Know your stuff, then…

…do what feels right.

My practice distilled into one sentence, a sweet mélange of head and heart.

Illustration of Hearts and Brains, Pixel & Light Design. Click for source.

Illustration of Hearts and Brains, Pixel & Light Design. Click for source.

This past week it’s been repeating like a mantra behind all of the activity – know your stuff, do what feels right.

Stuff, of course, bears a lot of weight. Stuff can consist of curriculum, management, theory, school culture, student background, and more.

What feels right is where the teacher becomes artist. This year I regained my own trust in the do what feels right category. I spent much of my year looking to others for approval and recognition as it was my first year in this position and I really wanted to a) do a good job (as defined by others, I learned) and b) keep the position. Only in April did I realize this, that I wasn’t doing what felt right enough of the time.

Big lesson I learned this year. From my kids, from my colleagues.

Have I mentioned lately that I wouldn’t change my job for anything?

Know your stuff, do what feels right.

I just happened to find a blog post, written in a much more scholarly manner! on the same topic by Penny Ryder, Unity of the Head and Heart.

What’s my lesson? (look right through me.)

hello teacher tell me what’s my lesson? look right through me, look right through me. Roland Orzabal/Tears for Fears, 1982

So my brother-in-law makes these videos of my niece and nephew, which I do appreciate since they live in Ohio of all places (that might have come out sounding wrong). The last one he sent had this beautiful piano music as its soundtrack – when I asked, he answered that it might be Michael Andrews, in an intro to a remake of Mad World by Tears for Fears.

So I youtubed it and, indeed, that’s it. Beautiful song.

I’ve listened to it a few times since I received the latest twins video last week, and only tonight did my mind make its way around these lines – hello teacher tell me what’s my lesson? look right through me, look right through me.

In my last post we reflected on the human qualities teachers – we – bring to our classrooms. One of the strongest just might be the ability to both do and not do what this line is asking.
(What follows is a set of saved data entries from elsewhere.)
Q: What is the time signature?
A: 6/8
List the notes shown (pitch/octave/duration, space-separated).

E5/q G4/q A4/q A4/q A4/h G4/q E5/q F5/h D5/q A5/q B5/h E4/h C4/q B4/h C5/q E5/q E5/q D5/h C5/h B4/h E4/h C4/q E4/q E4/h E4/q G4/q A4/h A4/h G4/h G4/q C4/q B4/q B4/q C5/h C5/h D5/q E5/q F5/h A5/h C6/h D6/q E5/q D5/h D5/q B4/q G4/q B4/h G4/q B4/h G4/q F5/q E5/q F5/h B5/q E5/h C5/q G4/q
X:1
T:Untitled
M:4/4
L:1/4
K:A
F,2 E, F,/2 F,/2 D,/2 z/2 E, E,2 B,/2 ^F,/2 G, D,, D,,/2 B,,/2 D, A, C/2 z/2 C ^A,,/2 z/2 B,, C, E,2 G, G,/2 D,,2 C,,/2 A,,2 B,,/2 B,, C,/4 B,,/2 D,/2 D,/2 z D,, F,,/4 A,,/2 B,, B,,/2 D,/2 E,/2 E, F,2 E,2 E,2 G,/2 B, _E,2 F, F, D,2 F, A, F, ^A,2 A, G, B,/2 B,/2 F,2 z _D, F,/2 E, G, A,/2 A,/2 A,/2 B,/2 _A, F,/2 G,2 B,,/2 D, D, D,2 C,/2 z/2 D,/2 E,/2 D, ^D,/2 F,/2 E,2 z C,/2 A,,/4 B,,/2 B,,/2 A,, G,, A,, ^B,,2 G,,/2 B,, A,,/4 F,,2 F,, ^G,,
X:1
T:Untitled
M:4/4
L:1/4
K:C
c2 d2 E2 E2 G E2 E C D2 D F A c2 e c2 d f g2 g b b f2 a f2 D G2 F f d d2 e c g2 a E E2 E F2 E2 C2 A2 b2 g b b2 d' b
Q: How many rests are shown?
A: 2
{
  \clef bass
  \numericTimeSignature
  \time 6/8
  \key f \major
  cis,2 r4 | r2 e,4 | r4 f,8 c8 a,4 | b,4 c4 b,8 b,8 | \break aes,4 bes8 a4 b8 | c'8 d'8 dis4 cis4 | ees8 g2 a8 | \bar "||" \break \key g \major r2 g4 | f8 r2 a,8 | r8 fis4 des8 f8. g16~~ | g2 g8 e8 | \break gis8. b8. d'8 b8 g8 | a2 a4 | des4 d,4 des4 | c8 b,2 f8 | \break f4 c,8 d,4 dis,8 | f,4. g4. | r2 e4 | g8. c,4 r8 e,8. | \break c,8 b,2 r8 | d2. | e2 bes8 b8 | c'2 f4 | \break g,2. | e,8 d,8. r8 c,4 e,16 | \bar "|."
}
G-d forbid, as teachers, we look through our students. Imagine being invisible? I’ve known how that feels. Like I don’t exist. That’s the part not to do.

image found here, on the pbase gallery of backtothestart.

At the same time, when a student arrives in my classroom she is implicitly asking for her lesson.

She is asking me for her lesson.

And if I look right through her, past her language, her colour, her attitude wrought from years of learned helplessness and strong wall making and straight to her, I just may be able to find the lesson she’s asking for.

Maybe.

image found here, by accident, at a Physics blog by teacher Dean Baird. I’ve bookmarked it.

That’s the part to do. That maybe I wrote about? That is where my heart leads me.